A security source at the Guardian reveals that an alleged plot involving an explosives-filled iPad look alike apparently prompted the new restrictions on electronic devices onboard planes from the Middle East in the last few weeks.

The said restrictions took effect two days ago, barring electronics larger than a phone inside the cabin on flights to the United States and Britain from airports in Turkey, Egypt, Lebanon, Jordan, Tunisia, Saudi Arabia, Morocco, Qatar, Kuwait and the United Arab Emirates.

Both the American and British governments cited global terrorism concerns but didn't provide any additional details.

A terrorist plan to bring explosives on a flight through a device that looked just like an Apple iPad forced security officials to enact the restrictions, The Guardian reported yesterday.

It's still unclear for now whether the device was an iPad shell or a fake iPad. It's also unclear when the alleged incident happened or who was behind it.

Nevertheless, US officials have been investigating how terrorists can disguise explosives as consumer electronics since the 2016 laptop bombing on a flight out of Mogadishu, Somalia, that blew a hole in the side of a plane.

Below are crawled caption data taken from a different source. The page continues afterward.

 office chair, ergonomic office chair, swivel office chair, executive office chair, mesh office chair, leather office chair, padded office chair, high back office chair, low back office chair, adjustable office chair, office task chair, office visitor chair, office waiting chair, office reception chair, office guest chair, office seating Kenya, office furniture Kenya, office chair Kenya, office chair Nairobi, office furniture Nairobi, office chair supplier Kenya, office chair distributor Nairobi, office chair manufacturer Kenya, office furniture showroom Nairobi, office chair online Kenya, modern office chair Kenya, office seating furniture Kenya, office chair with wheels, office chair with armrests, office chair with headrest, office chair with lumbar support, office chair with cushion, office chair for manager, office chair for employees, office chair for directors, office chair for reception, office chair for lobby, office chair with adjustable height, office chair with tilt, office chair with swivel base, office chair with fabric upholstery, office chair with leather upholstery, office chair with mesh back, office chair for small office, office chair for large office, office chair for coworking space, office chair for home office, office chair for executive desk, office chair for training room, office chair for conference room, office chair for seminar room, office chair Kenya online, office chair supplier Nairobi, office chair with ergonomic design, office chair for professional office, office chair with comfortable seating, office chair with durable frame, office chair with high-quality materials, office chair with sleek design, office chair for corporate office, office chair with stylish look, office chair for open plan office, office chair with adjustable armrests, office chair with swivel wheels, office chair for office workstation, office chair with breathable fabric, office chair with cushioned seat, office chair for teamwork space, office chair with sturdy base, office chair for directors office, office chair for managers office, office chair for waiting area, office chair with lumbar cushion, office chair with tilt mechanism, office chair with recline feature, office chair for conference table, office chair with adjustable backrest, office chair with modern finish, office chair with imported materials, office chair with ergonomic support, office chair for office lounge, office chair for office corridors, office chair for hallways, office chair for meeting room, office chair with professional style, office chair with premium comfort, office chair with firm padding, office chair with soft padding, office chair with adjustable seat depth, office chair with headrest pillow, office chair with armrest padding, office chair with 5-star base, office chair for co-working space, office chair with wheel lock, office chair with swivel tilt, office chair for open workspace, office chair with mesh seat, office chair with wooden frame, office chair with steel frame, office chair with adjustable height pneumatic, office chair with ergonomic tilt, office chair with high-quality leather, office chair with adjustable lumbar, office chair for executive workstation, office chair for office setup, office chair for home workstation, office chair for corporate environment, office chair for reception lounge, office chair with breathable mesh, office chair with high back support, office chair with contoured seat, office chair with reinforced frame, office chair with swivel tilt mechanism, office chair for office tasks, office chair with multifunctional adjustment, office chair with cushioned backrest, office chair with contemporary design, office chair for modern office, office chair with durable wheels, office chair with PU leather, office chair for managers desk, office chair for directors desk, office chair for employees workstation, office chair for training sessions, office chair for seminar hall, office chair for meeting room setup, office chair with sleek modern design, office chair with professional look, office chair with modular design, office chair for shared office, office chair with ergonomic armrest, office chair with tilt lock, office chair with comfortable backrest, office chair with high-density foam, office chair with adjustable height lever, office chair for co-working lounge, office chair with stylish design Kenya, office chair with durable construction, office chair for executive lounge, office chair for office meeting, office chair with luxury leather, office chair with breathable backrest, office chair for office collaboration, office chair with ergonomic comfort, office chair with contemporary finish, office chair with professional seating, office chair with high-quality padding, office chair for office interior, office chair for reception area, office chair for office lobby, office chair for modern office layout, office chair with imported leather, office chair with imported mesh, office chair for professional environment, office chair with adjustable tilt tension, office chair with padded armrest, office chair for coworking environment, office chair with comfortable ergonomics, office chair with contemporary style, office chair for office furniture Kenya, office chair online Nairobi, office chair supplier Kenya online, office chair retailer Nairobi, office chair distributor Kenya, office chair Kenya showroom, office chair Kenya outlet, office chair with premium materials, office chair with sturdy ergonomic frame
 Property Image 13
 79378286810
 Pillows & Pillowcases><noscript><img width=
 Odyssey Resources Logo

A passenger who was sucked out of the aircraft died later.

Intelligence agencies have indicated that terrorists can easily hide explosives in batteries for laptops and iPads.

The Department of Homeland Security (DHS) ordered the U.S. restrictions on March 20, 2017. Officials initially told reporters that terrorists were aggressively pursuing ways to attack international flights by disguising explosives in electronic devices.

Britain followed with similar restrictions the next day but unlike the U.S., it excluded flights from the UAE and Morocco from its flight ban.

"We fully understand the frustration that this will cause passengers, but our top priority will always be to maintain the safety of British nationals," the British government said in a statement.

Terrorists have hidden explosives in their underwear, shoes and water bottles in attempted attacks on various flights since 9/11. In recent years, airlines have also banned certain electronics from flights if their batteries pose a risk of explosion through malfunction, as in the case of hoverboards and the Samsung Galaxy Note 7.

Airports across the world also remain targets of terrorist attacks, including those in the United States, Belgium and Turkey.

The U.S. ban on carry-on electronics comes on the heels of President Trump's executive orders to ban inbound travel from several Muslim-majority countries, which have been temporarily stopped by U.S. courts.